>>>>>

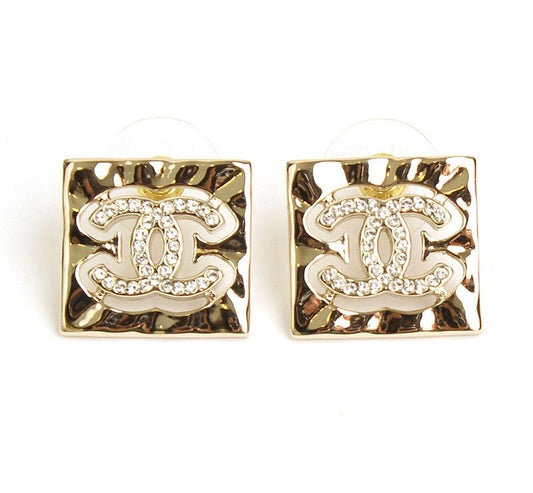 CHANEL Champagne Gold Wavy Square CC Earrings 12345 30570950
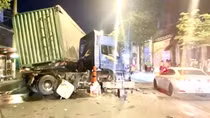 Nhiều người thoát nạn khi xe đầu kéo lao vào dải phân cách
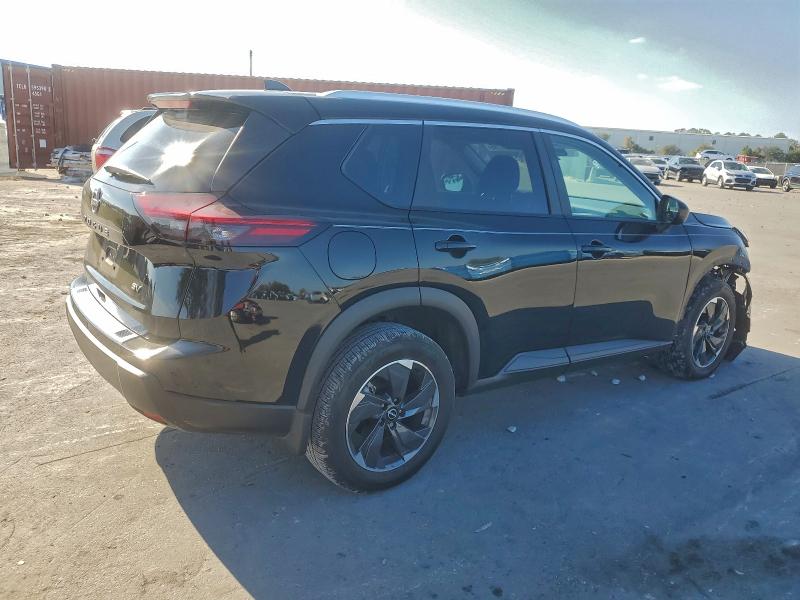 Фото 3 - NISSAN ROGUE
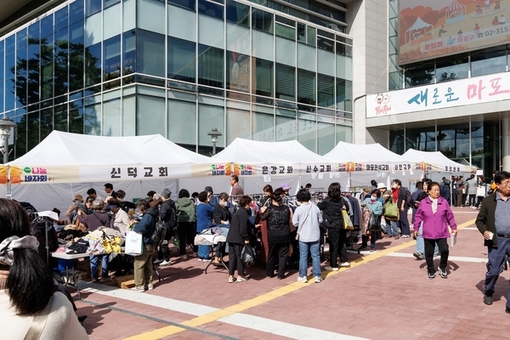 사랑과 희망의 나눔바자회 찾은 박강수 마포구청장, 교회에 따뜻한 감사 전해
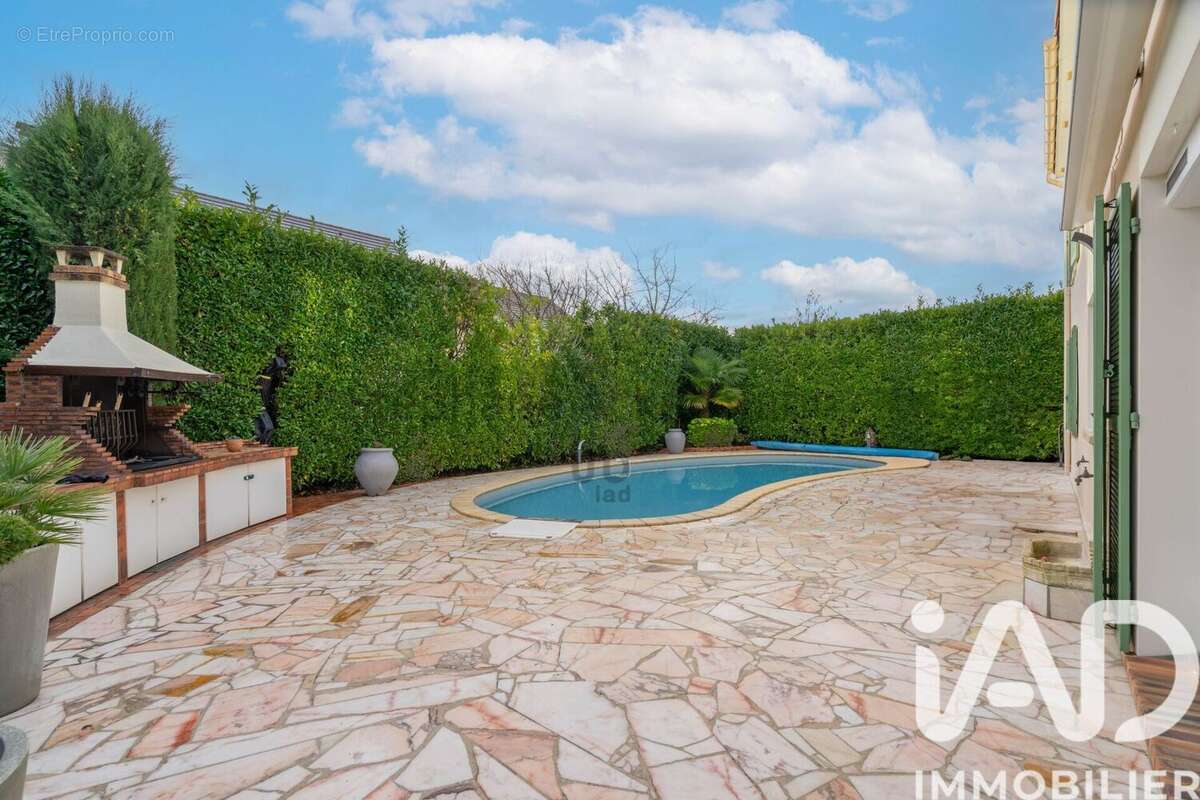 Photo 2 - Maison à CLAYE-SOUILLY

<<<<<

ASSIGNMENT
Give all the lines above again, character for character, without pictures.

EXERCISE RESPONSE
 CHANEL Champagne Gold Wavy Square CC Earrings 12345 30570950
 Nhiều người thoát nạn khi xe đầu kéo lao vào dải phân cách
 Фото 3 - NISSAN ROGUE
 사랑과 희망의 나눔바자회 찾은 박강수 마포구청장, 교회에 따뜻한 감사 전해
 Photo 2 - Maison à CLAYE-SOUILLY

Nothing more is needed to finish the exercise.